There’s nothing sadder in this world than to awake Christmas morning and not be a child.
Oh I used to love Christmas, the presents were the best part, of course — as a child in this Western society I always had high hopes at this time of year and naturally they were never fulfilled as much as I would have liked, but still the house was awash with remnants of wrapping paper, bits of toys that had been left while I occupied myself with whatever new present had taken my fancy for those 5 minutes.
Mother would be upset at the fact that I got too many presents. Father would get upset with Mother.
As time passed presents became less than expected.
As more time passed presents were no longer an issue.
But still, arguments of some sort ensued. Naturally.
Everyone has their expectations. These days all I hope for is the hang out with my cousins, enjoy some drinks and have some good times. I don’t expect presents. I get some, not many, but some. Either way, I don’t have expectations for any.
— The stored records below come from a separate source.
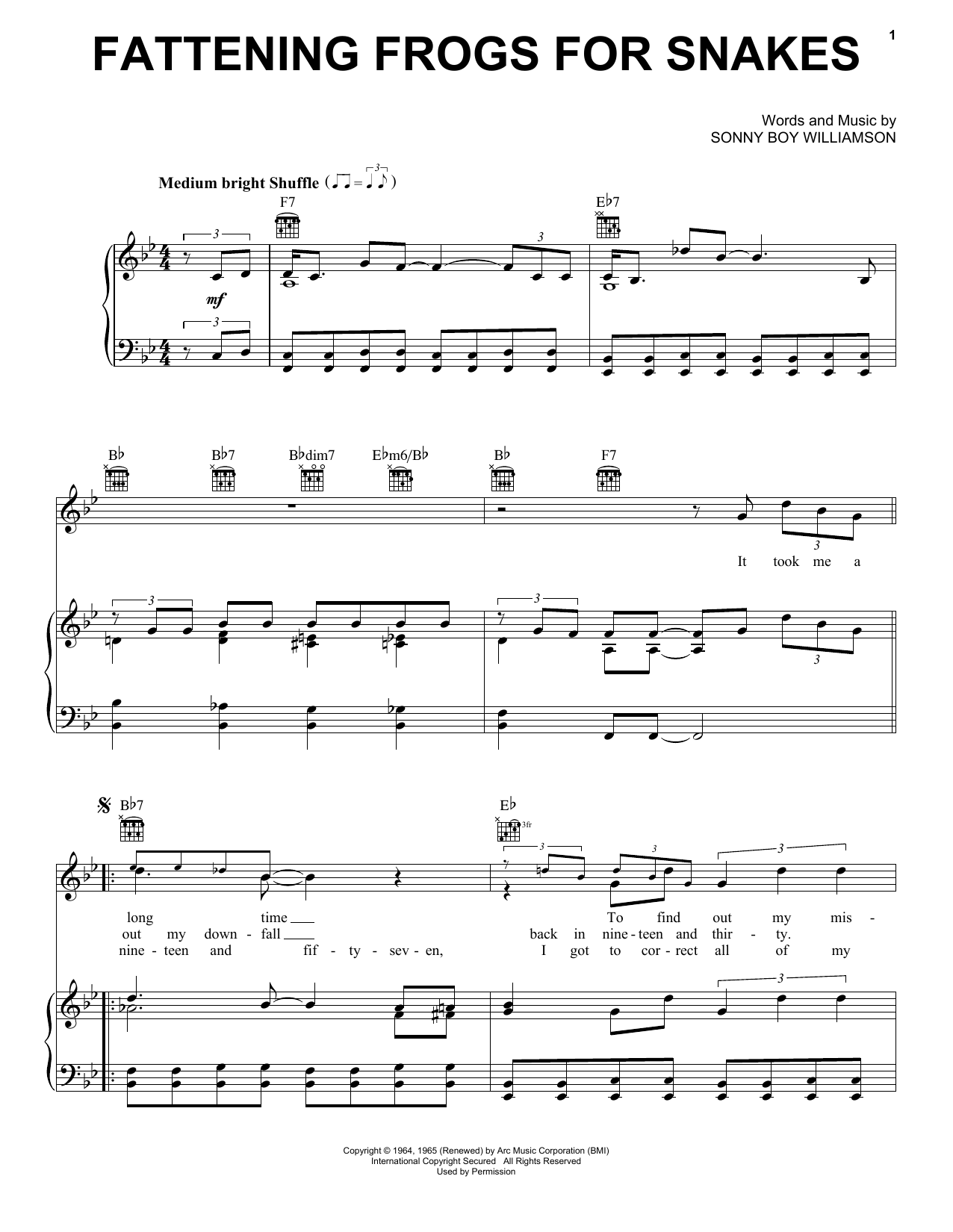 Preview Sonny Boy Williamson Fattening Frogs For Snakes Jazz sheet music, notes and chords for Piano, Vocal & Guitar (Right-Hand Melody), SKU: 16730 sheet music, piano notes, chords, guitar tabs, score, transpose, transcribe, how to play, guide, download, learn, tutorial, progression, song, artist, awards, billboard, mtv, vh1, tour, single, album, release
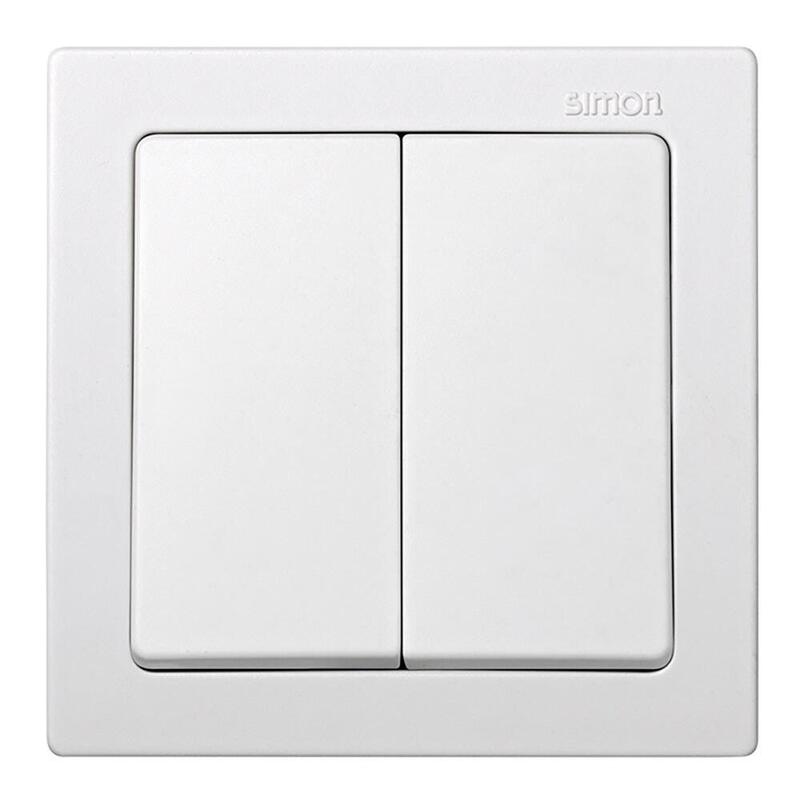 Interruptor Doble, Superficie, 10ax 250v~, Ip20, Serie Simon73 Loft, Blanco, Retractilado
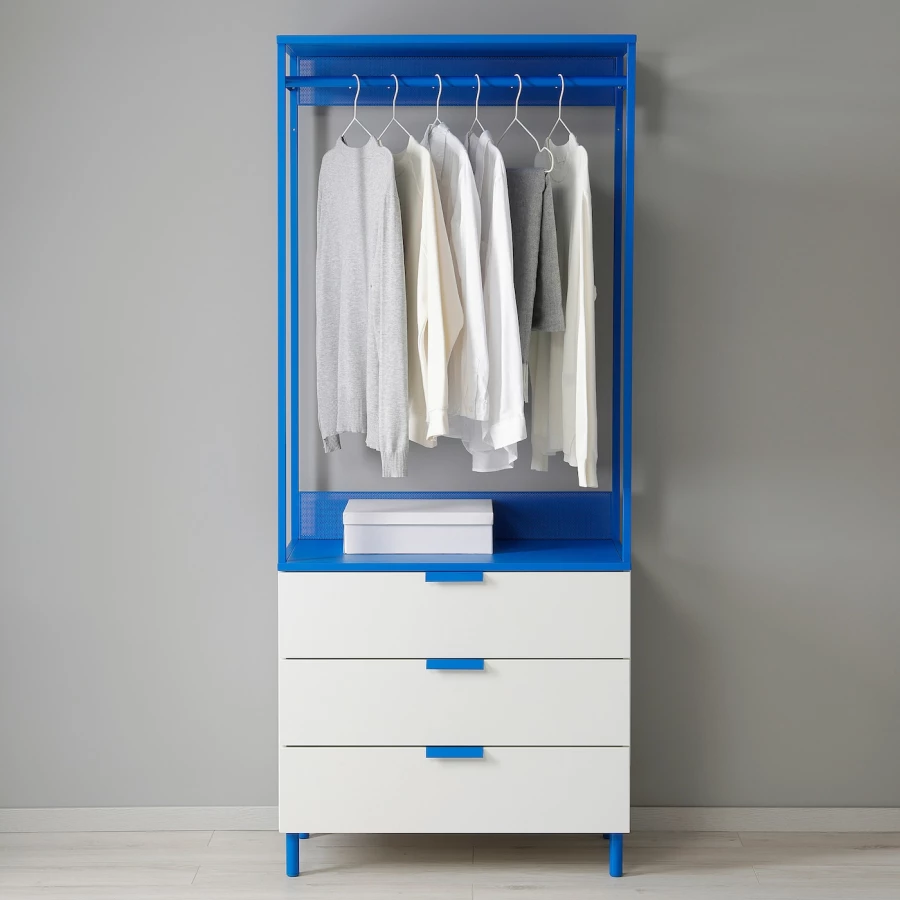 Комбинация для хранения - PLATSA  IKEA/ ПЛАТСА  ИКЕА, 191х80 см, белый/синий (изображение №2)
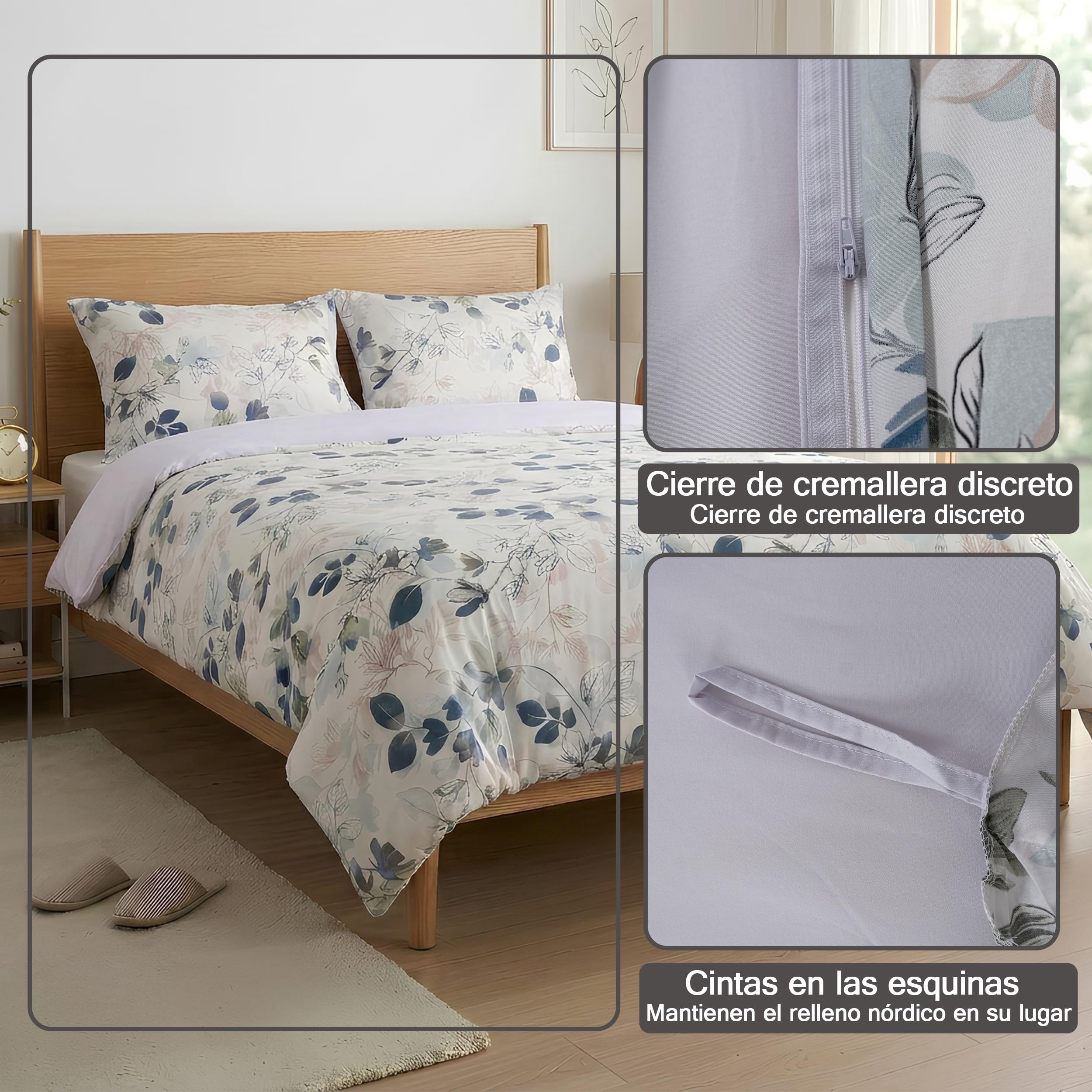 Etrexonline Juego de Funda Nórdica 3 Piezas Cama 150 Microfibra Suave Transpirable - 1 Funda Edredón 220x240 cm y 2 Fundas de Almohada 50x75 cm (Herbal) — view 4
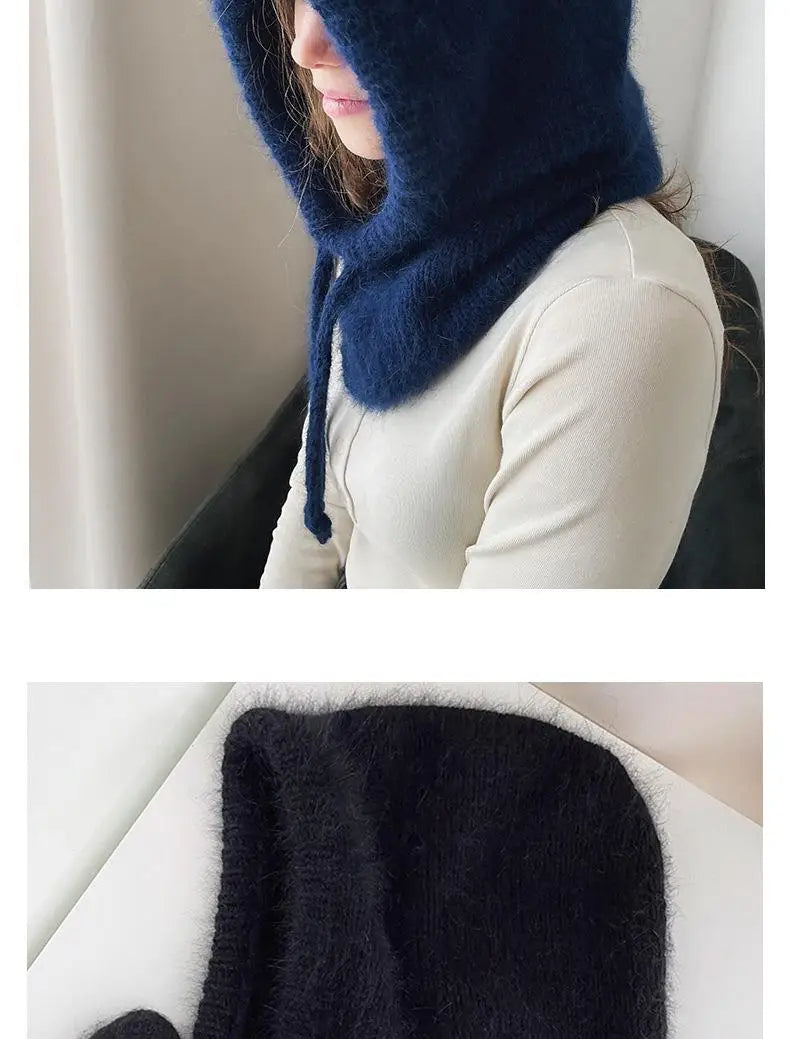 Winter Hats for Women Girls Warm Hooded Scarf Beanie for Female Youth Balaclava Kniting Skull Cap Ear Flap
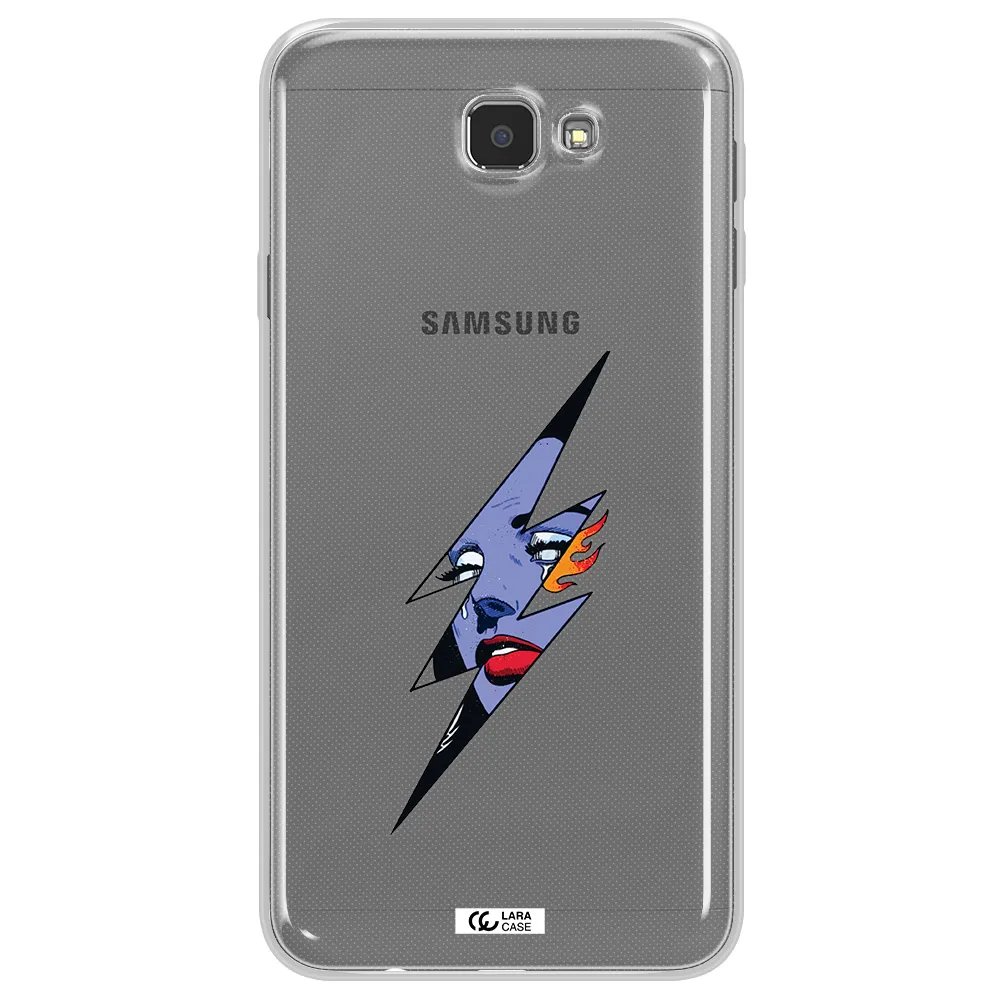 a lightning bolt with a woman's face Samsung J7 Prim Clear TPU Case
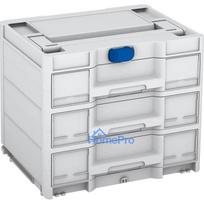 TANOS Systainer³ Sortainer / 3 M 337 modulārais detaļu organizators ar 3 atvilktnēm, ABS plastmasa, gaiši pelēks / antra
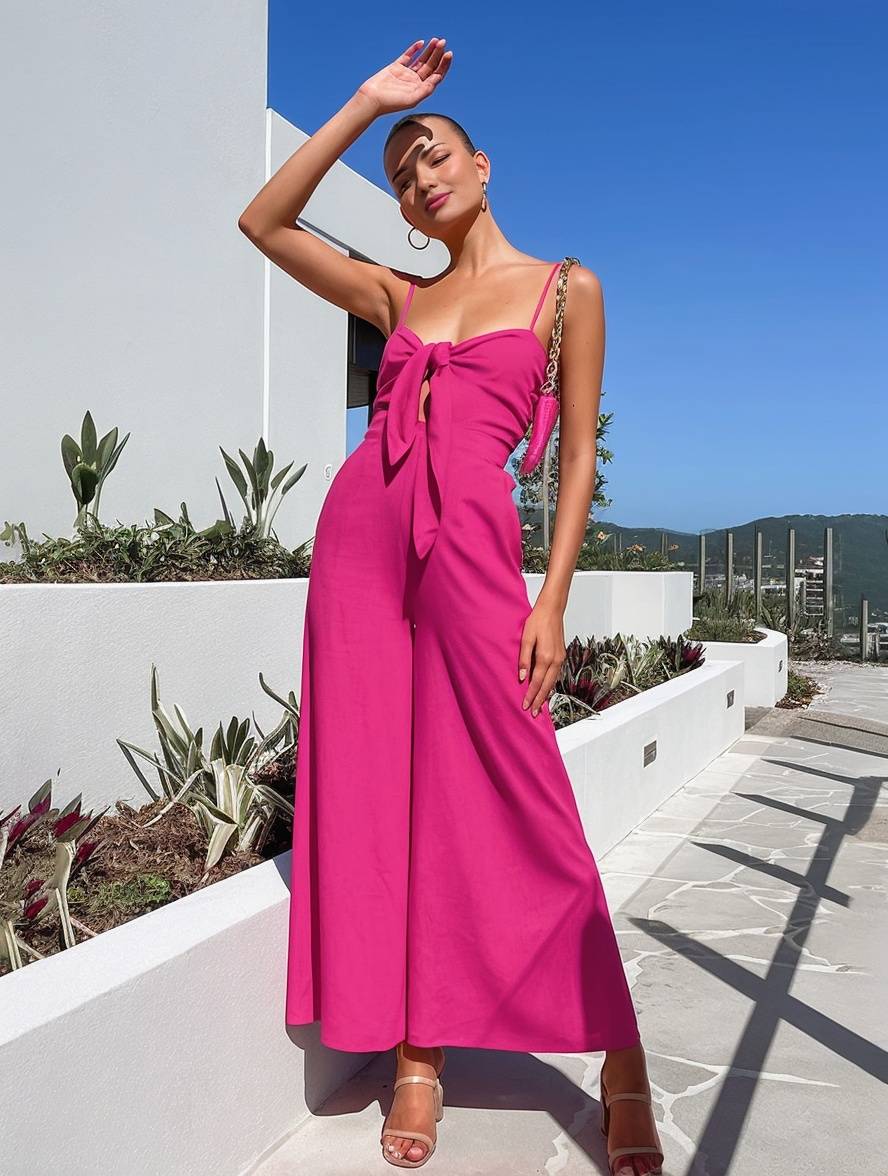 Cocolii combinaisons larges jambes évasé noeud papillon à fines brides sans manches femme casual décontracté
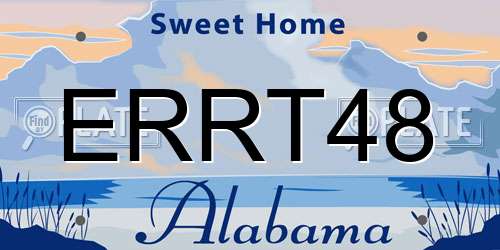 ERRT48 Alabama License Plate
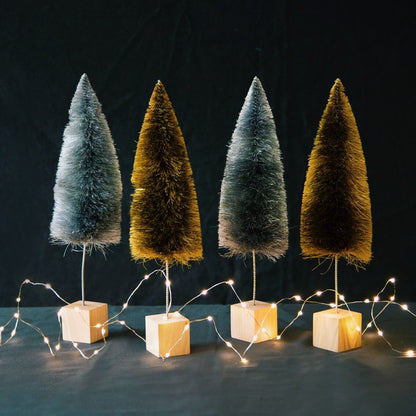Silver and Gold Bottle Brush Christmas Tree Decorations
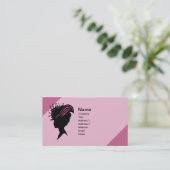  Victoriaans Lady Black Silhouette Fancy Pet Visitekaartje (Staand voorkant)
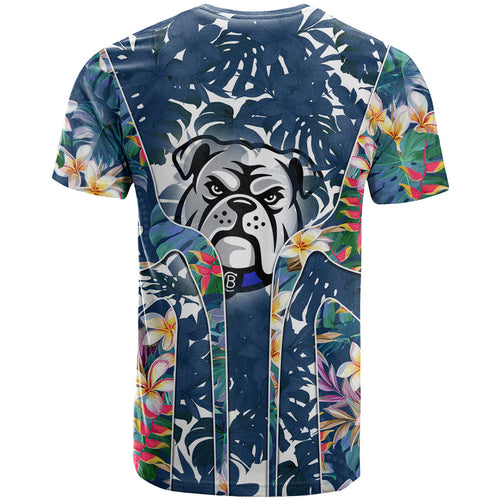 Canterbury-Bankstown Bulldogs T Shirt Tropical Hibiscus Floral Pattern With Blue And White Accents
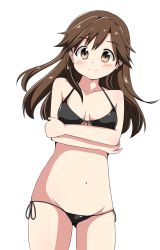 Rule 34 | 1girl, arashio (kancolle), bikini, black bikini, breasts, brown eyes, brown hair, closed mouth, collarbone, commentary request, cowboy shot, crossed arms, front-tie top, highres, kantai collection, long hair, looking at viewer, nanakusa suzuna, navel, side-tie bikini bottom, simple background, small breasts, smile, solo, swimsuit, white background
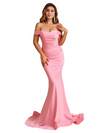 Sexy Off The Shoulder Mermaid Stretch Jersey Long Bridesmaid Dresses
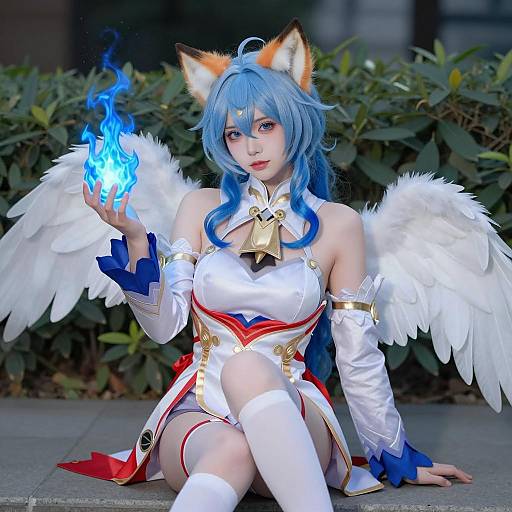 Magical Woman in Cosplay with Blue Flames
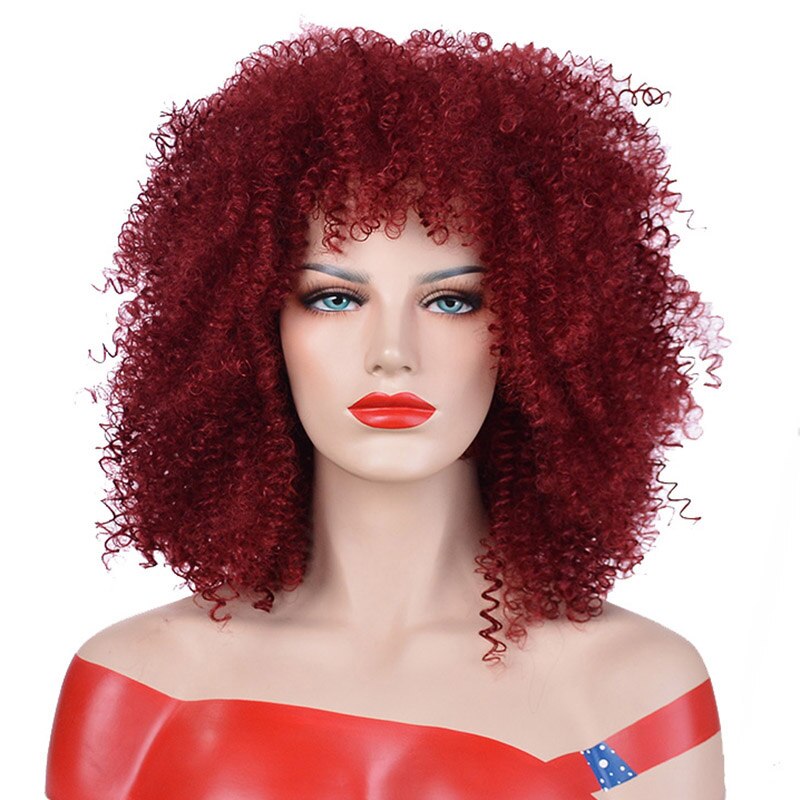 MSIWIGS Brown Synthetic Kinkly Curly Wigs for Women Black Short Afro Wig with Bangs Heat Resistant: Red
The true meaning of Xmas is an imaginary man who sees everything you do and rewards you if you’re good all year. Just like Santa.
After weeks of shopping it all comes down to one day. One meal. One, or two (or three or four families). Alcohol, sweets, presents. The usual crap. But still ONE day.
Those who believe in the Christian God will profess that the day is in honour of the birth of Jesus/God. That may be the meaning of Christmas for some. it’s irrelevant. Celebrations in December pre-date all the Christian motives. Moreso: If you believe in the Christian God, and even if you don’t, you’ll be aware that they also profess the meaning to be about peace, love and goodwill to all men.” But they don’t have a monopoly on that. Each are great aspirations and hopes to have, a turkey dinner and selection boxes are necessary for that.
Praying for it, spending a lot of money and creating a host of traditions will not fix it either. Just like Christianity itself, the real meaning is unique to everyone. To me. It’s just a few days to chill out in front of some really shit T.V.
I’m not bitter. I’m just pissed off at the pressure to perform and the family breakdowns as a result of expectations not met. Not next year!